Could we de-register all listeners together after line 291?

junrao · 2017-04-20T01:03:51Z

core/src/main/scala/kafka/server/KafkaApis.scala

+          Errors.NONE, partitionsRemaining)
+        requestChannel.sendResponse(new Response(request, new RequestOrResponseSend(request.connectionId, controlledShutdownResponse)))
+      } else {
+        request.requestObj.handleError(controlledShutdownResult.failed.get, requestChannel, request)


request.requestObj can just be controlledShutdownRequest?

asfbot · 2017-04-20T22:10:21Z

Refer to this link for build results (access rights to CI server needed):
https://builds.apache.org/job/kafka-pr-jdk8-scala2.11/3073/
Test PASSed (JDK 8 and Scala 2.11).

asfbot · 2017-04-20T22:22:52Z

Refer to this link for build results (access rights to CI server needed):
https://builds.apache.org/job/kafka-pr-jdk7-scala2.10/3068/
Test FAILed (JDK 7 and Scala 2.10).

asfbot · 2017-04-20T22:29:48Z

Refer to this link for build results (access rights to CI server needed):
https://builds.apache.org/job/kafka-pr-jdk8-scala2.12/3069/
Test FAILed (JDK 8 and Scala 2.12).

onurkaraman · 2017-04-20T22:45:12Z

retest this please

asfbot · 2017-04-20T23:39:38Z

Refer to this link for build results (access rights to CI server needed):
https://builds.apache.org/job/kafka-pr-jdk8-scala2.11/3080/
Test PASSed (JDK 8 and Scala 2.11).

asfbot · 2017-04-21T00:00:27Z

Refer to this link for build results (access rights to CI server needed):
https://builds.apache.org/job/kafka-pr-jdk7-scala2.10/3075/
Test FAILed (JDK 7 and Scala 2.10).

onurkaraman · 2017-04-26T00:36:01Z

This PR passed the system tests after rebasing:
https://jenkins.confluent.io/job/system-test-kafka-branch-builder-2/274/

junrao

@onurkaraman : Thanks for the patch.
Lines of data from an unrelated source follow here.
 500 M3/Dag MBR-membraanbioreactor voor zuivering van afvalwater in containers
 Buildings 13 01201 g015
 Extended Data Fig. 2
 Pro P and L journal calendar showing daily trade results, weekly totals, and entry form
A few more comments. Some of them can be addressed in a followup patch if you prefer. Also, could you rebase?

junrao · 2017-04-26T21:30:33Z

core/src/main/scala/kafka/controller/KafkaController.scala

-    controller.sendUpdateMetadataRequest(liveBrokers, topicAndPartitions)
+  case object AutoPreferredReplicaLeaderElection extends ControllerEvent {
+    override def process(): Unit = {
+      scheduleAutoLeaderRebalanceTask(delay = config.leaderImbalanceCheckIntervalSeconds, unit = TimeUnit.SECONDS)
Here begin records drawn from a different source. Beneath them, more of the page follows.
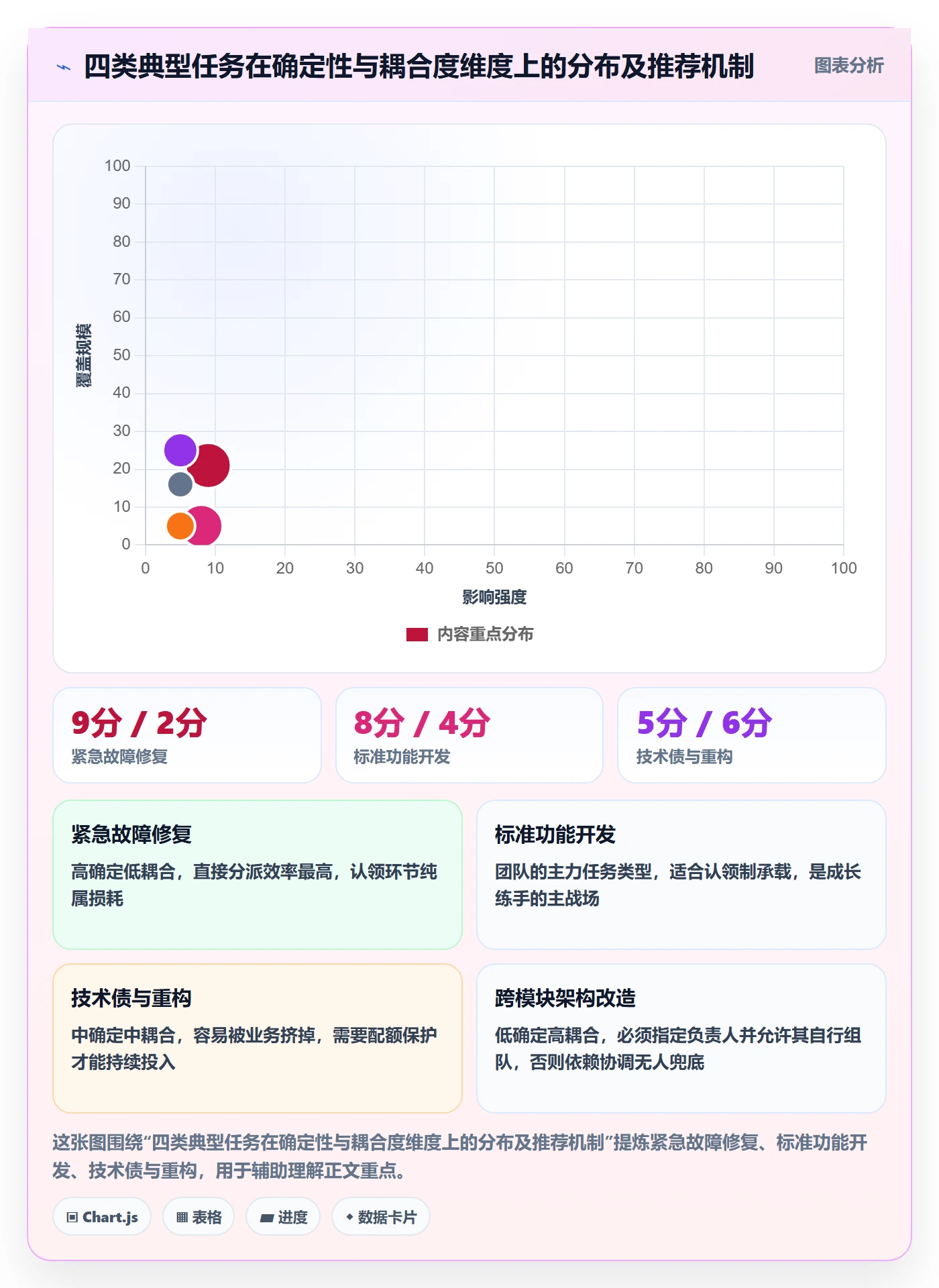 任务分派认领教程：研发团队入门指南，避坑指南
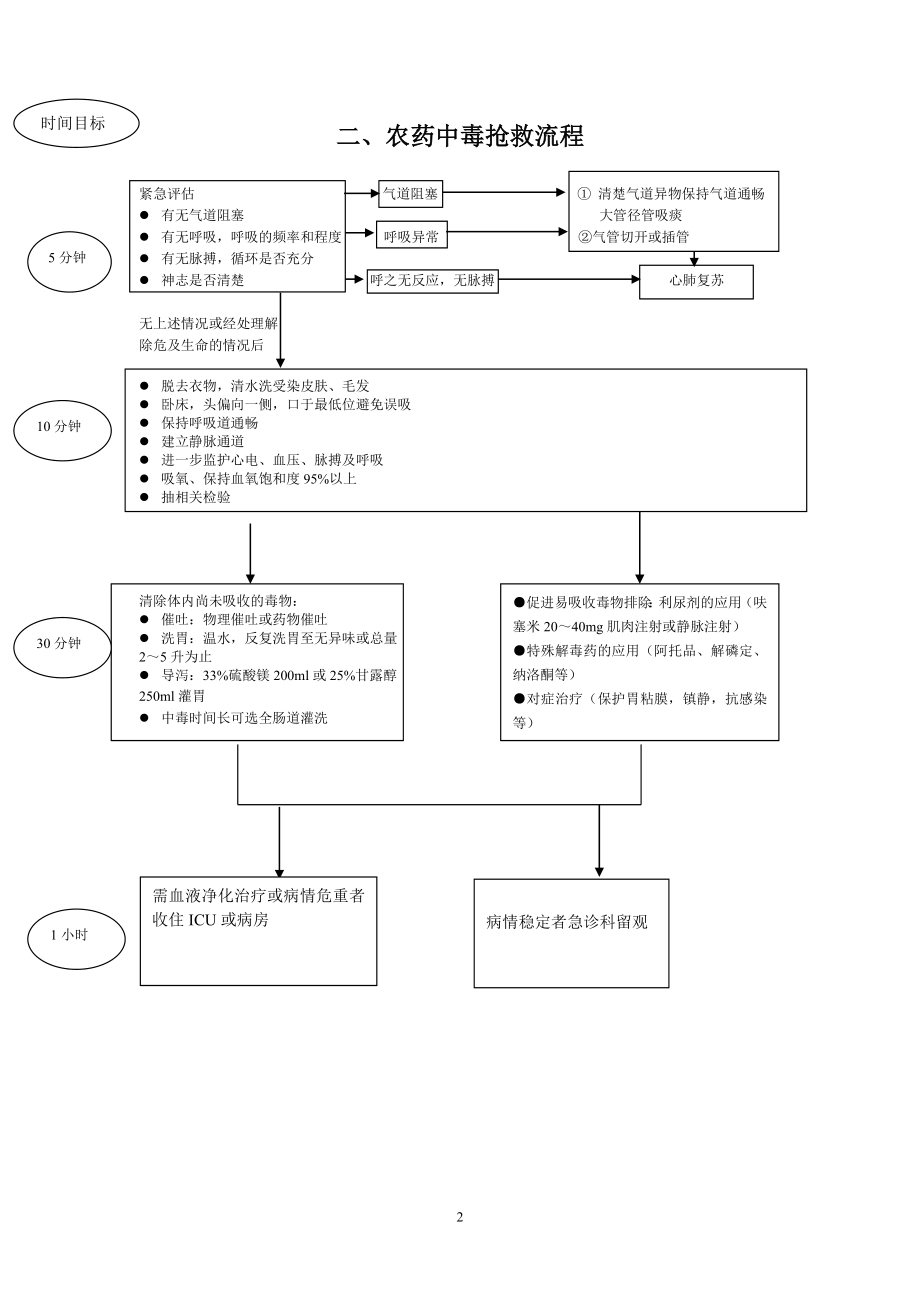 8大病种急诊服务流程.doc_第2页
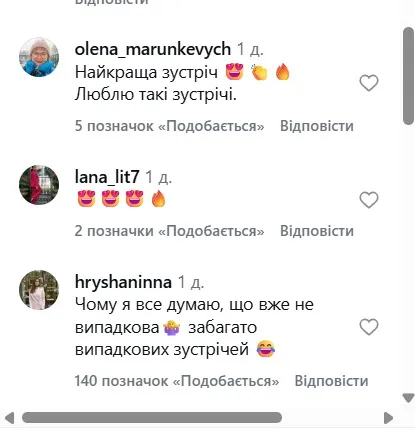 Реакція мережі на відео Цимбалюка і Світлицької Реакція мережі на відео Цимбалюка і Світлицької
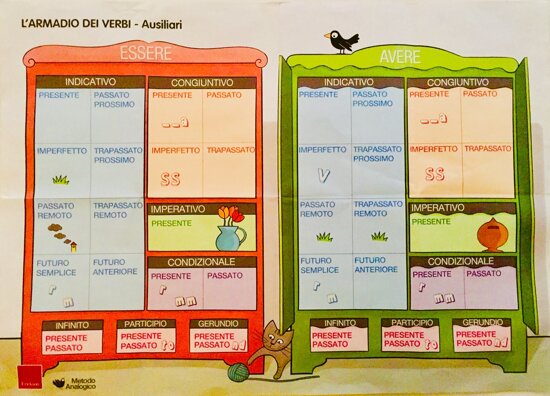 Descrizione immagine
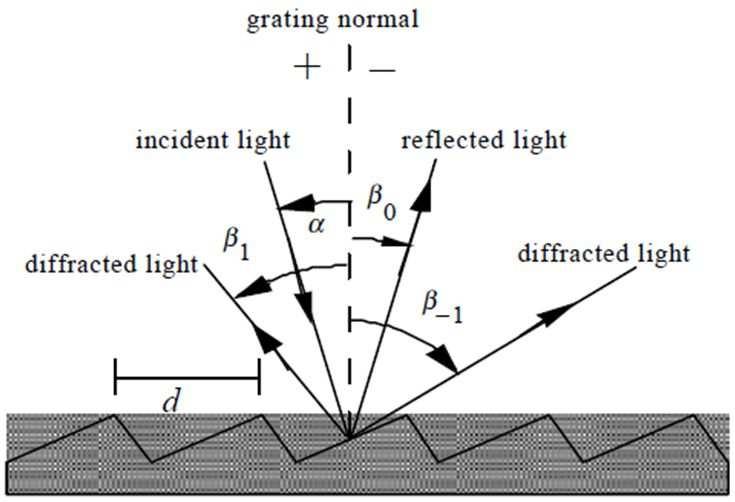 3. Fig. 3 Explanation of the diffraction by a plane grating.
Hmm, if the controller is not active, we don't want to schedule the leader balancing task right? So we probably want to schedule this after checkAndTriggerPartitionRebalance() is done.

Since we aren't letting the scheduler periodically inject the event into the queue, any single manual event injection we miss means that there will be no later injection until we become re-elected as controller. This is another reason why I wanted the scheduler to do the periodic event injections.

We risk skipping the next AutoPreferredReplicaLeaderElection if we naively put it after checkAndTriggerPartitionRebalance(), as checkAndTriggerPartitionRebalance() could throw an exception.

Putting the schedule line before the checkAndTriggerPartitionRebalance() prevents this from happening.

We can alternatively wrap the call to checkAndTriggerPartitionRebalance() in a try/finally and put the schedule call in the finally block as well.

I'm open to doing the try/finally, keeping the code as is, or reverting the logic to just let the scheduler periodically inject the event.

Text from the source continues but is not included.